Bu havai fişeklerden doğaya yayılan kimyasal gazların bitki örtüsüne, insan sağlığına ne kadar etki ettiği, ne kadar zarar verdiği konusuna girmeyeceğim. Onu da siz düşünün. Bu kadar sözden sonra hâlâ “Ben işimi bilirim, keyip benim değil mi?” derseniz. Sözüm biter. Bu tür keyif kimde olur biliriz. Onun böylesi bir keyfi yaşaması için bir torba saman yeter de artar bile.
Kimsenin keyfine daha fazla karışmak istemiyorum. Sadece son olarak şunu söylemeden geçemeyeceğim: Keyfiniz sizin olsun, ama lütfen bir daha ne hayvan dostu olduğunuzdan ne de çevreci olduğunuzdan dem vurmayın, keyfinizi kaçırırlar.
Hava’i fişeklerin olmayacağı nice mutlu yıllar, nice mutlu günler sizin olsun.
Tahsin MELAN
YORUMLAR
Yazıyı okurken, iki konu geldi aklıma.
Birincisi;
Almanya'da, ya da diğer Avrupa ülkelerinde yaşayan yabancılar.
Eskiden, bir işte çalışır, geçimlerini sağlarlardı.
Son zamanlarda, pek çalışmıyorlar gördüğümüz kadarı ile.
Eşler boşanıyorlar, her ikisi de sosyal yardım alıyorlar devletten, bir arada yaşayıp gidiyorlar öylece.
Çalışmadan, hak etmeden, tembelce.
Bu şekilde hayatını idame ettiren çok tanıdığım var.
Şimdi,
bunların çocuklarını nasıl bir gelecek bekliyor acaba?

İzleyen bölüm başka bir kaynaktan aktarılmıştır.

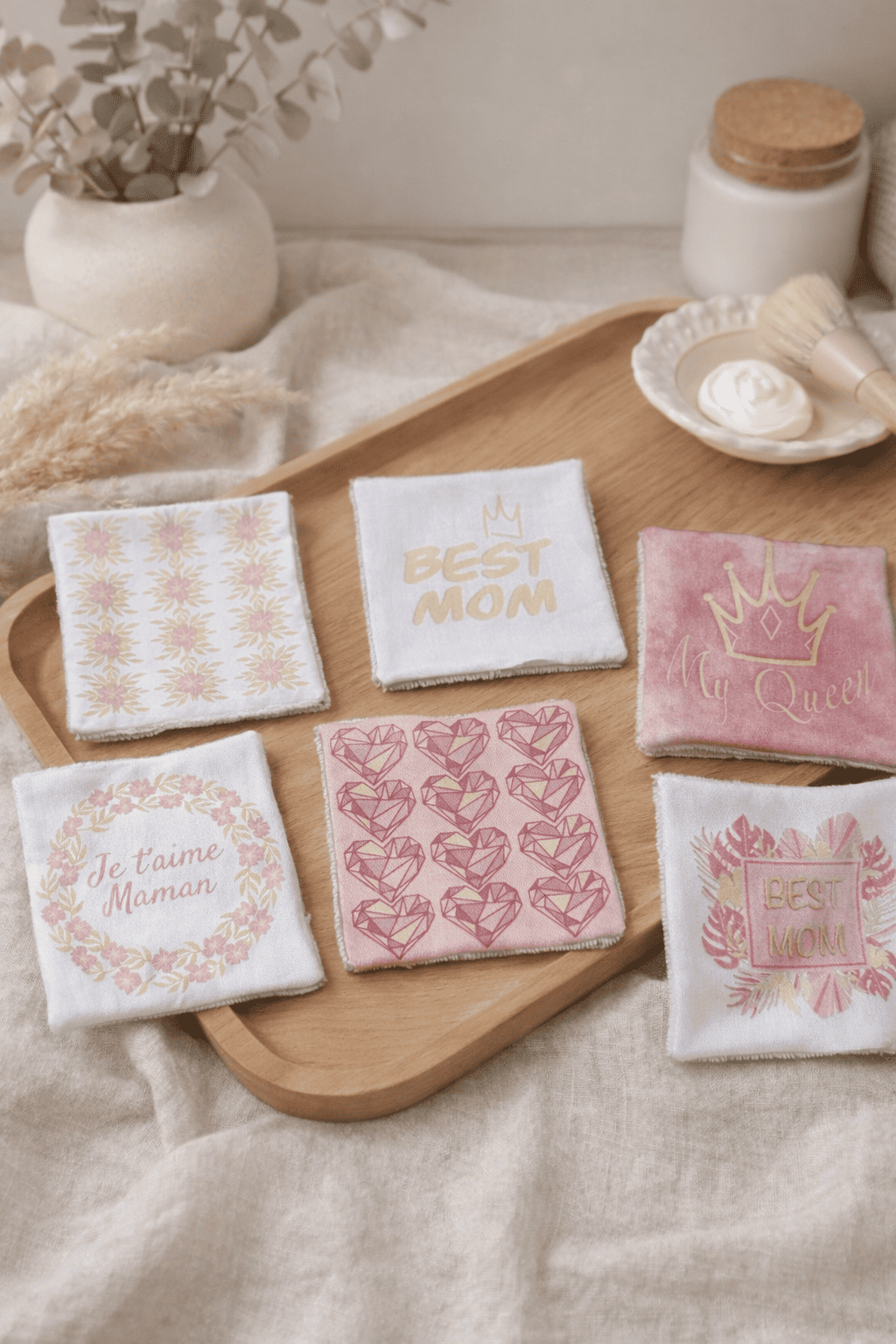 Lot de 6 lingettes Fête des mères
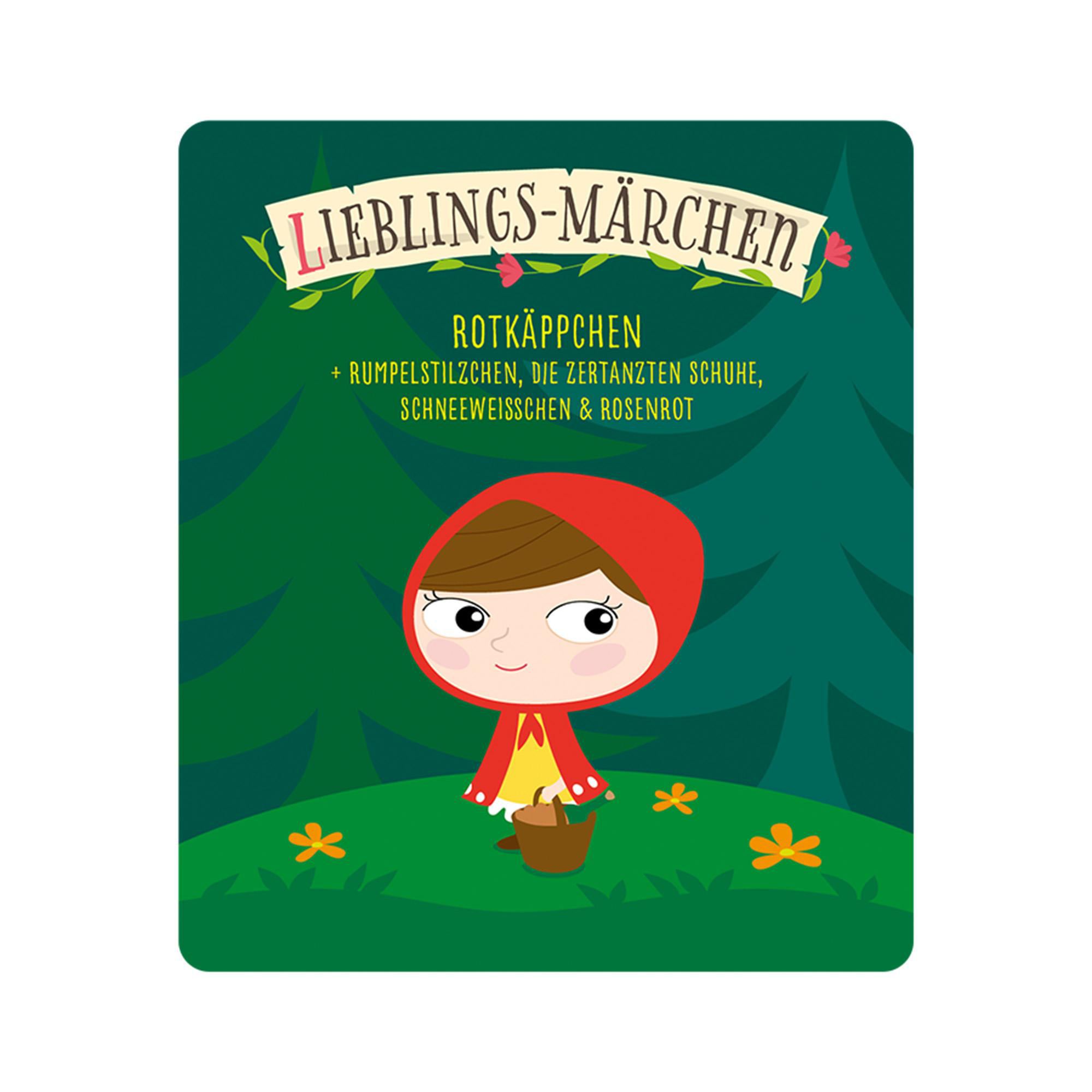 Kinderbuchcover mit Rotkäppchen und Text auf Deutsch.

Hiç şüpheniz olmasın, onlar da ebeveynleri gibi yapacak,
oralarda asalak gibi yaşamaya devam edeceklerdir.
Hırsızlıktan başka bir şey değil bu.
İkincisi;
Filistin'de, Suriye'de, Irak'ta, dünyanın daha bir çok ülkesinde,
savaşlar nedeni ile bir çok insan ölüp gidiyor.
Ya da göç etmek, sefilliği yaşamak zorunda kalıyor.

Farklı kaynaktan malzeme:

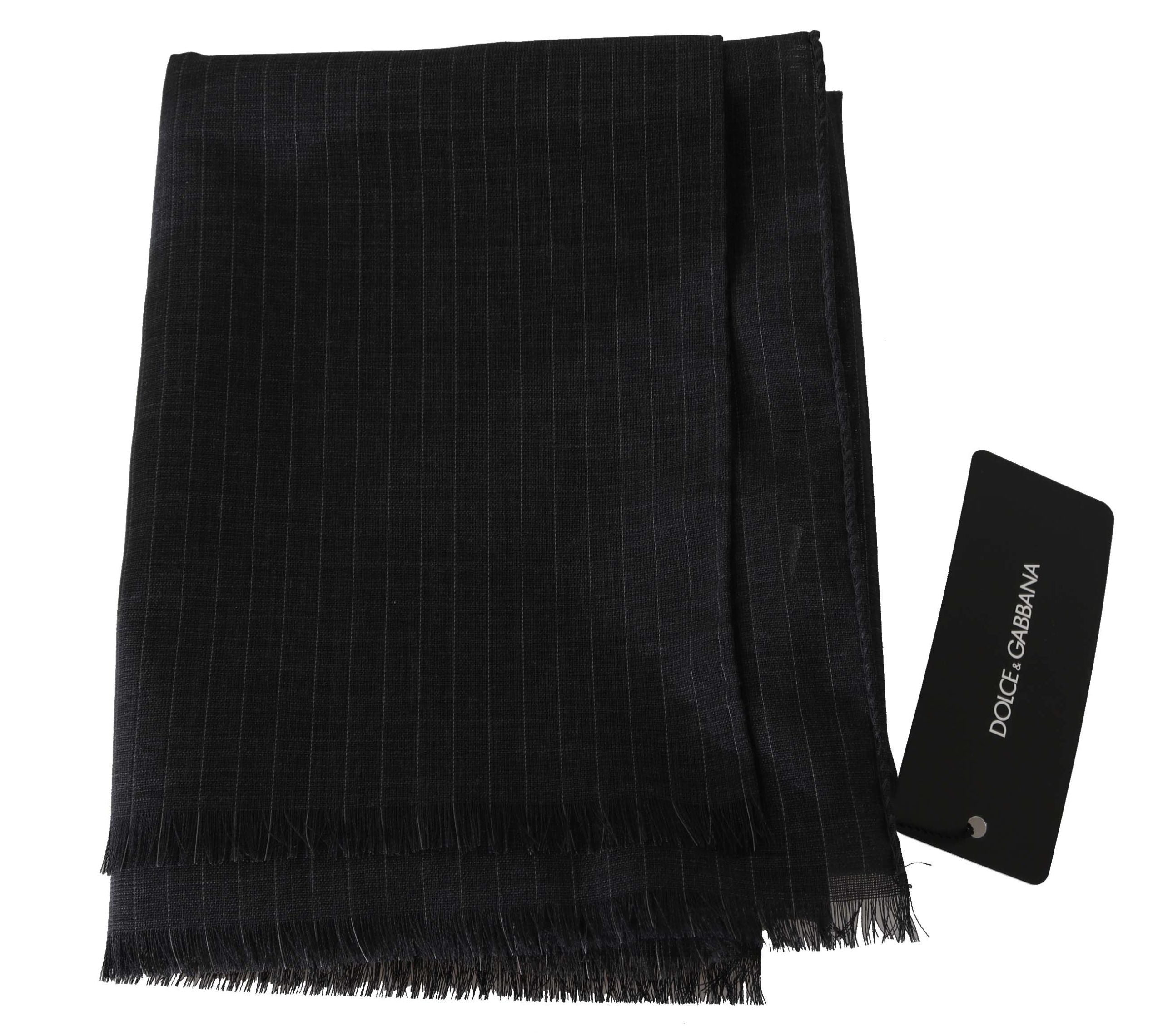 Dolce & Gabbana Gray Wrap Scarf in 100% Wool with Stripe Pattern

Bu gelişmiş ülkelerin hangisi elle tutulur bir yardımda bulunuyor?
Hangisi bu faciayı önleyecek bir adım atıyor?
Tam aksine, körüklüyorlar.
Silah ticareti, dini inanışlar...
Bırak kuşları, insanların ölümüne aldıran yok arkadaş.
Tahsin MELAN
Bir tutam hayat
Yazının ufkunu genişletmek idi maksadımız.